- **Activity**:
Your response should be the lines from the one holding "lot 4268 image: Toro" to the last line of the data below, copied exactly and with no additions.

** Opening Data for analysis block **

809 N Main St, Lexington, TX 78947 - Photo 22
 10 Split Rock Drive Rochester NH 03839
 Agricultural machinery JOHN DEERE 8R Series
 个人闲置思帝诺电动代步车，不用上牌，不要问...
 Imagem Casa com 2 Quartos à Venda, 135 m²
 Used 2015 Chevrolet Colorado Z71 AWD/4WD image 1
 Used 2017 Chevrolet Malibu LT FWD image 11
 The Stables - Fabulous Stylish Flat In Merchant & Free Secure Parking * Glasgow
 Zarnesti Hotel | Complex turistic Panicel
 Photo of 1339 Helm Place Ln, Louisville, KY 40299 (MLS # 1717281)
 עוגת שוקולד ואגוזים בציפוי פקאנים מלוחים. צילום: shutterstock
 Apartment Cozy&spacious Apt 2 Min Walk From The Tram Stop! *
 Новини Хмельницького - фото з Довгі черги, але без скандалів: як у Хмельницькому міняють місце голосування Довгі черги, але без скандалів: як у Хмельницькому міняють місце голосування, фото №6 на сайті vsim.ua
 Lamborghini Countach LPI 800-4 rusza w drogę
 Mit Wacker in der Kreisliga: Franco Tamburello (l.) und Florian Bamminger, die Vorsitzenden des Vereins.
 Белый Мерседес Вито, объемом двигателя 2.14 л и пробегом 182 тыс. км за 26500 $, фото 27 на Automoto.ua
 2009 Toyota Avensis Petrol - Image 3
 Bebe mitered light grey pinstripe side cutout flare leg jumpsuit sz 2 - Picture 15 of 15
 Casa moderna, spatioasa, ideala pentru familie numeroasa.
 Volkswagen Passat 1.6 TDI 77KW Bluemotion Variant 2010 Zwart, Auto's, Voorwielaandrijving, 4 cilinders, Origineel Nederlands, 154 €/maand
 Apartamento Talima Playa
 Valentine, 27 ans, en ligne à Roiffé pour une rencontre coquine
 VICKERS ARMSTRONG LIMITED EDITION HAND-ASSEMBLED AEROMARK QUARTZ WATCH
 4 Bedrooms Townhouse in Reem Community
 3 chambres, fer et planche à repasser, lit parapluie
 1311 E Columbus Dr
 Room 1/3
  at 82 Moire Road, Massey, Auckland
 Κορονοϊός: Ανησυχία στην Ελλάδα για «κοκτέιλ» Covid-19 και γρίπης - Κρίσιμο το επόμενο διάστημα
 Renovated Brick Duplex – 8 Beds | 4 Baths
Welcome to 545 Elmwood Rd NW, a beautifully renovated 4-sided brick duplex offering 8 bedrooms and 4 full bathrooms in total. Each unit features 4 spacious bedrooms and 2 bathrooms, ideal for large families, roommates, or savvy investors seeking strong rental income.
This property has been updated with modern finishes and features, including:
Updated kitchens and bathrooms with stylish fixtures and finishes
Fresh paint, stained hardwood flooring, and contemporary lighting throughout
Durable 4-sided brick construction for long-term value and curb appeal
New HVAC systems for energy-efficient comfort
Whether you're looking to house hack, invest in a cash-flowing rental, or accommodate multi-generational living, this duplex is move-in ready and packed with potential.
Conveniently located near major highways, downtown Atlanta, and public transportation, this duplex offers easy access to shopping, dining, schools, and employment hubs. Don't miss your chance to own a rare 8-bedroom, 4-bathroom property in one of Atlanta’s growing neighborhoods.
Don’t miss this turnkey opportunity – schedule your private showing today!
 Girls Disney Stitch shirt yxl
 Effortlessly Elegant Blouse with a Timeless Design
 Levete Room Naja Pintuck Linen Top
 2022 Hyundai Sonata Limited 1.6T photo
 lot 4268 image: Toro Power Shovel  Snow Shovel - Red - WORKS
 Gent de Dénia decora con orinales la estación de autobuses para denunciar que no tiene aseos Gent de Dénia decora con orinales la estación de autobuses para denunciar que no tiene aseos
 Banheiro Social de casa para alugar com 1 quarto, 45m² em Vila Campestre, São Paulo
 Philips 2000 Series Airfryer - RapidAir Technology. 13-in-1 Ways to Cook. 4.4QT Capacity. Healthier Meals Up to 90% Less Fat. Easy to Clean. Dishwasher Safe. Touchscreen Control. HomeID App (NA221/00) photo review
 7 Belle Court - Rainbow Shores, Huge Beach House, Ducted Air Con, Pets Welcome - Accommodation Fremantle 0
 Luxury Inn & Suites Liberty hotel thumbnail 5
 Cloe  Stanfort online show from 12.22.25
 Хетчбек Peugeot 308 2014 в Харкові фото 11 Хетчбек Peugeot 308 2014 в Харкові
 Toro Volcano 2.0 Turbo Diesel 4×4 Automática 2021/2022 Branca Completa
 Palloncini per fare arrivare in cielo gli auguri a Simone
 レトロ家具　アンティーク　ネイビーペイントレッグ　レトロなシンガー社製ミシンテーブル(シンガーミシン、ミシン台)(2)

** Closing Data for analysis block **

- **Problem solution**:
 lot 4268 image: Toro Power Shovel  Snow Shovel - Red - WORKS
 Gent de Dénia decora con orinales la estación de autobuses para denunciar que no tiene aseos Gent de Dénia decora con orinales la estación de autobuses para denunciar que no tiene aseos
 Banheiro Social de casa para alugar com 1 quarto, 45m² em Vila Campestre, São Paulo
 Philips 2000 Series Airfryer - RapidAir Technology. 13-in-1 Ways to Cook. 4.4QT Capacity. Healthier Meals Up to 90% Less Fat. Easy to Clean. Dishwasher Safe. Touchscreen Control. HomeID App (NA221/00) photo review
 7 Belle Court - Rainbow Shores, Huge Beach House, Ducted Air Con, Pets Welcome - Accommodation Fremantle 0
 Luxury Inn & Suites Liberty hotel thumbnail 5
 Cloe  Stanfort online show from 12.22.25
 Хетчбек Peugeot 308 2014 в Харкові фото 11 Хетчбек Peugeot 308 2014 в Харкові
 Toro Volcano 2.0 Turbo Diesel 4×4 Automática 2021/2022 Branca Completa
 Palloncini per fare arrivare in cielo gli auguri a Simone
 レトロ家具　アンティーク　ネイビーペイントレッグ　レトロなシンガー社製ミシンテーブル(シンガーミシン、ミシン台)(2)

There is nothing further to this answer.